== Exercise directions ==
Your job is to retype all of the data word for word, leaving every image out.

== Data ==
Start of Block
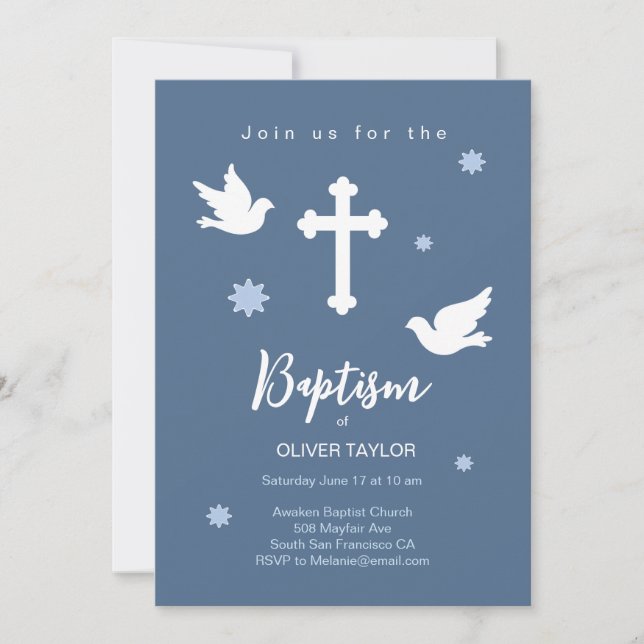 Baptismo Christening Cross y Dove Invitación (Anverso)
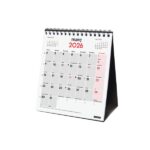 Finocam Calendario de Sobremesa en Catalan - Anual 2026 - 140x70x155mm - Espacio para Escribir - Color Blanco y Rojo - immagine 3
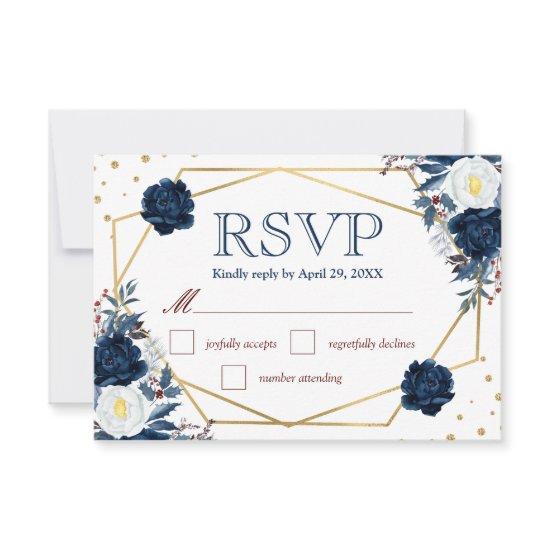 Boho Watercolor Winter Flowers Wedding RSVP Card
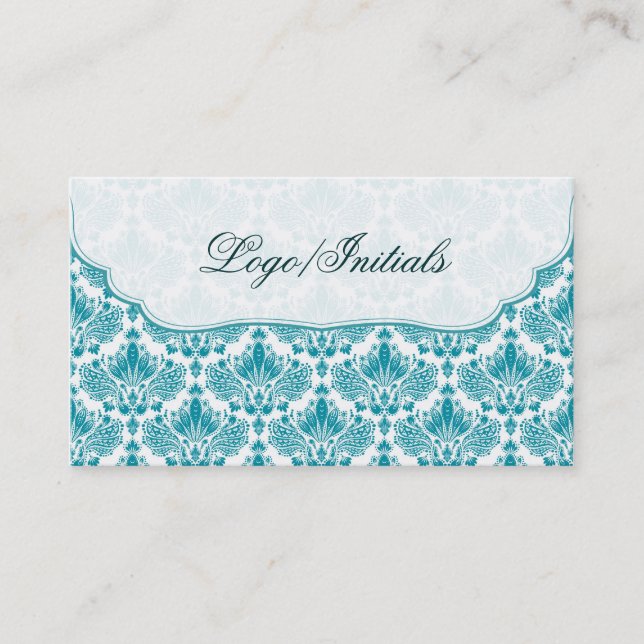 Carte De Visite Blanc & Bleu Élégant Retro Floral Damask (Devant)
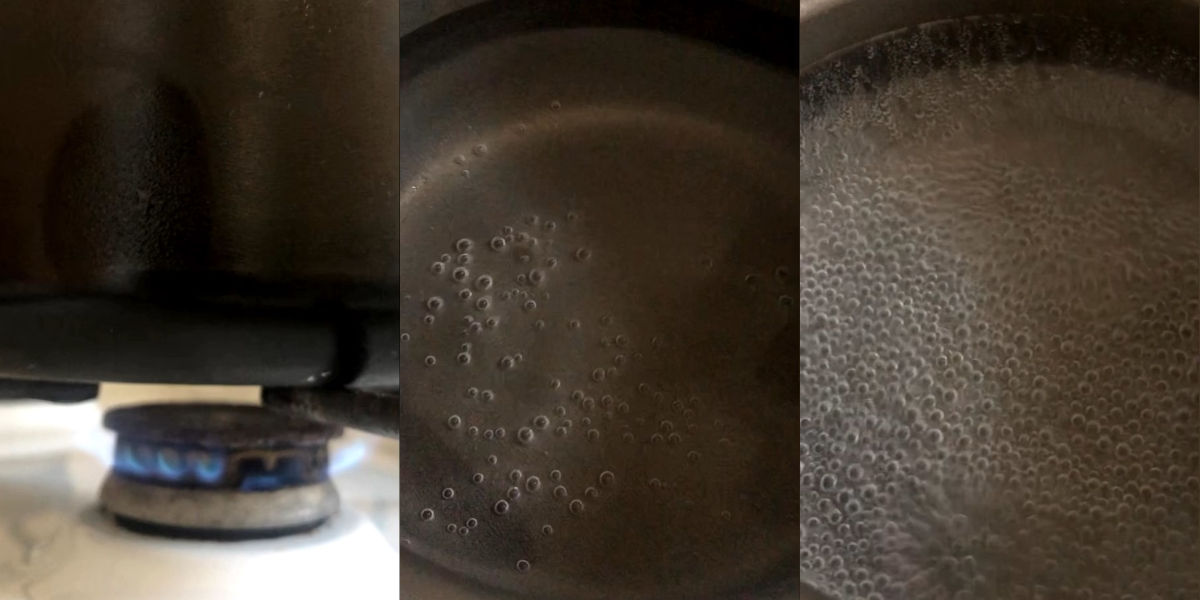 Boil water to poach egg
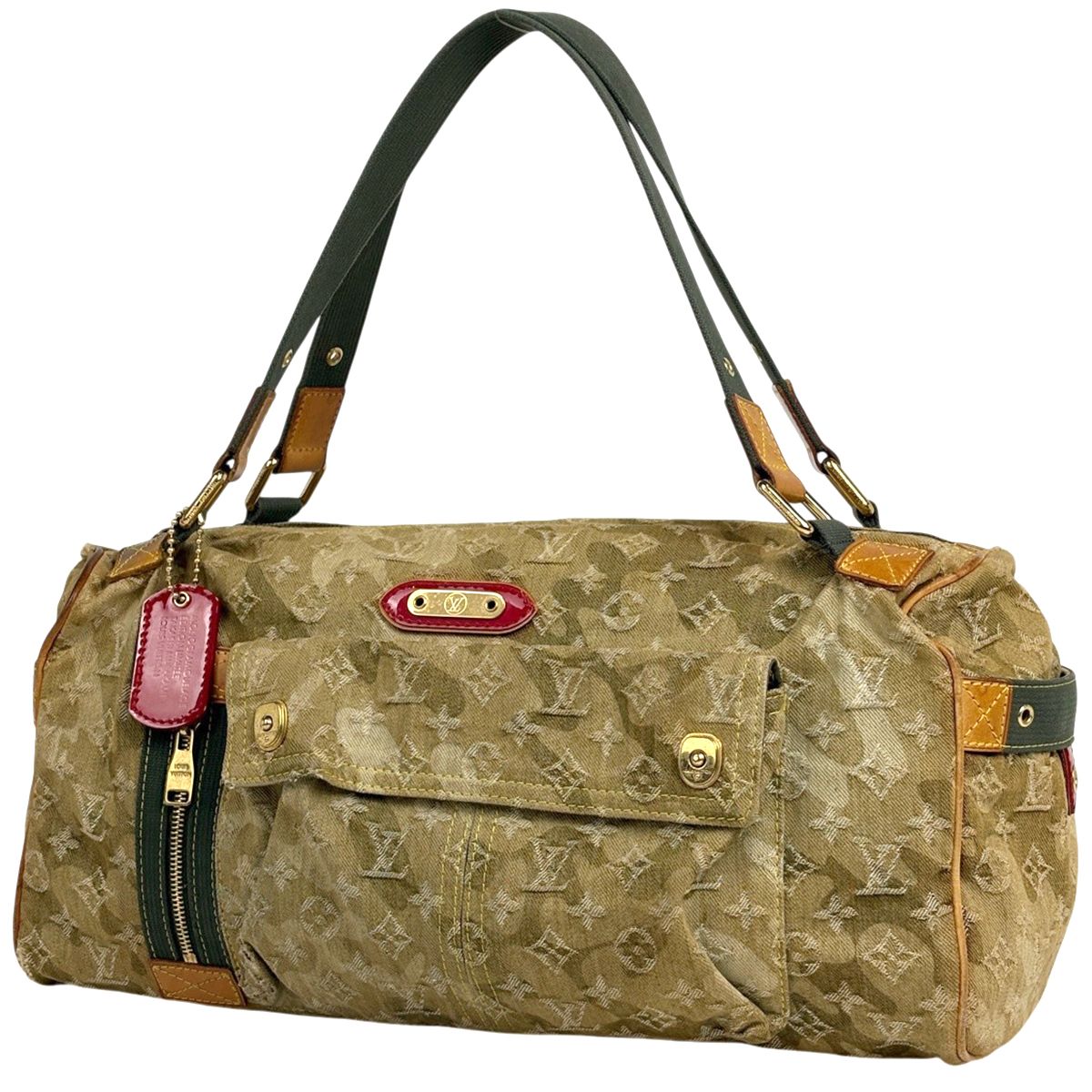 Louis Vuitton Rees Takashi Murakami Monogram Hula Jou Boston Bag Denim Khaki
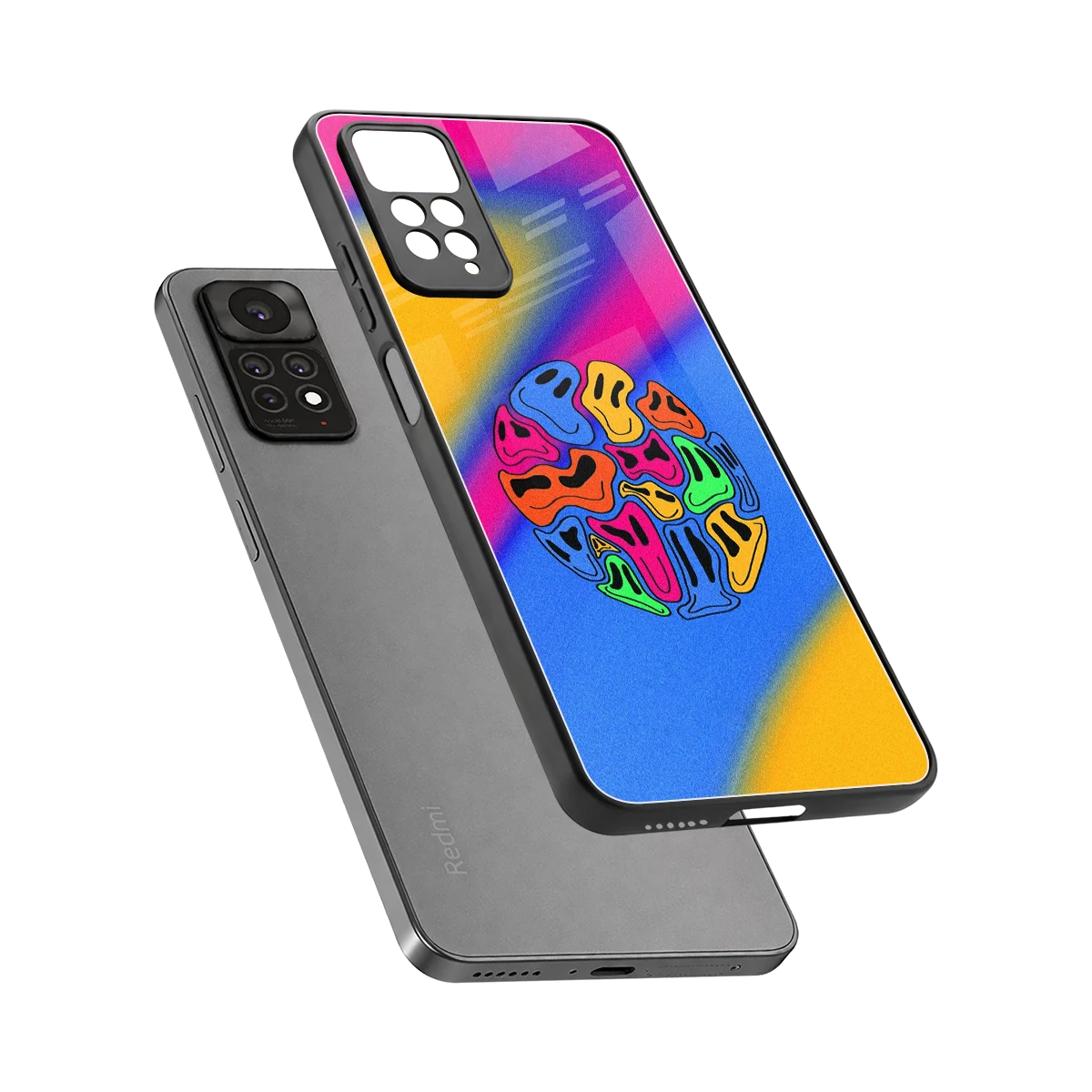 Melted Joy sleek redmi note 11 pro cover with tempered glass back and TPU edges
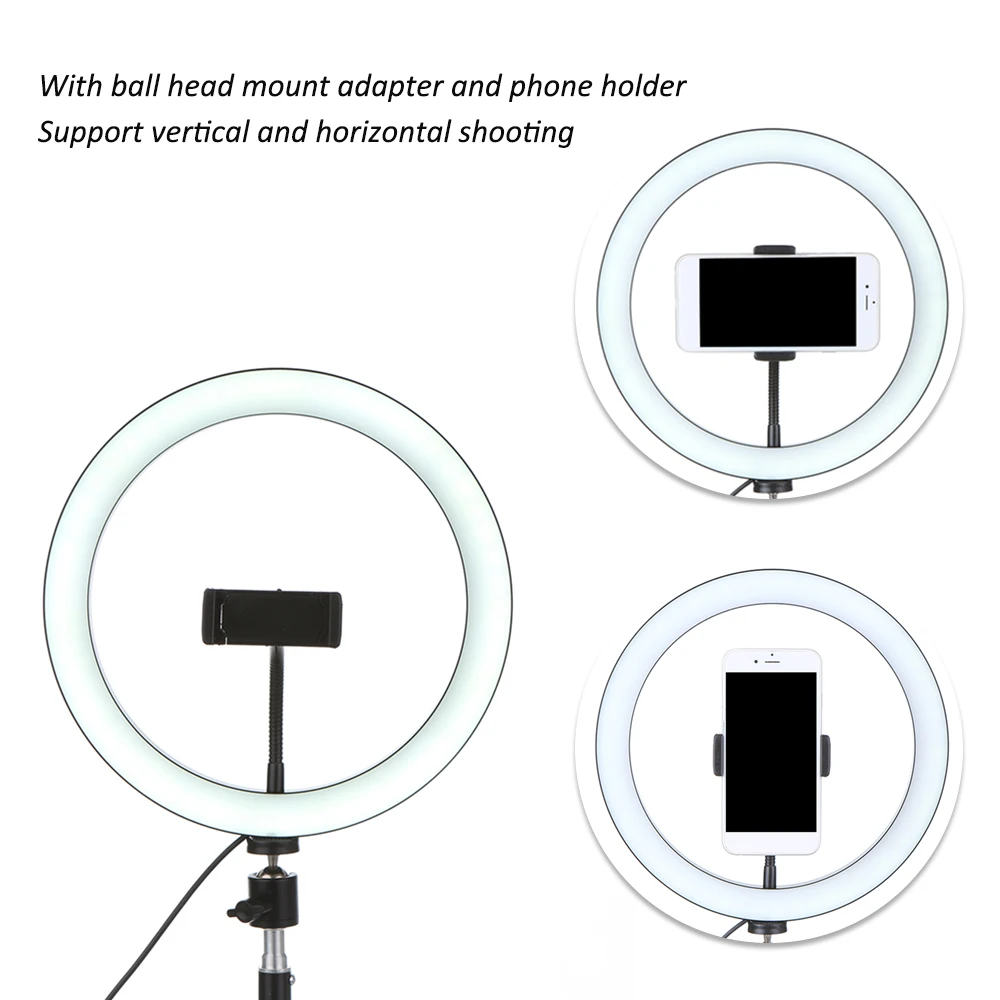 5 в постоянного тока 7 Вт Светодиодный светильник, круглая лампа для селфи-камеры, Телескопический штатив, 10 уровней изменения температуры/угол поворота на 360 °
End of Block
== Finished task ==
 Baptismo Christening Cross y Dove Invitación (Anverso)
 Finocam Calendario de Sobremesa en Catalan - Anual 2026 - 140x70x155mm - Espacio para Escribir - Color Blanco y Rojo - immagine 3
 Boho Watercolor Winter Flowers Wedding RSVP Card
 Carte De Visite Blanc & Bleu Élégant Retro Floral Damask (Devant)
 Boil water to poach egg
 Louis Vuitton Rees Takashi Murakami Monogram Hula Jou Boston Bag Denim Khaki
 Melted Joy sleek redmi note 11 pro cover with tempered glass back and TPU edges
 5 в постоянного тока 7 Вт Светодиодный светильник, круглая лампа для селфи-камеры, Телескопический штатив, 10 уровней изменения температуры/угол поворота на 360 °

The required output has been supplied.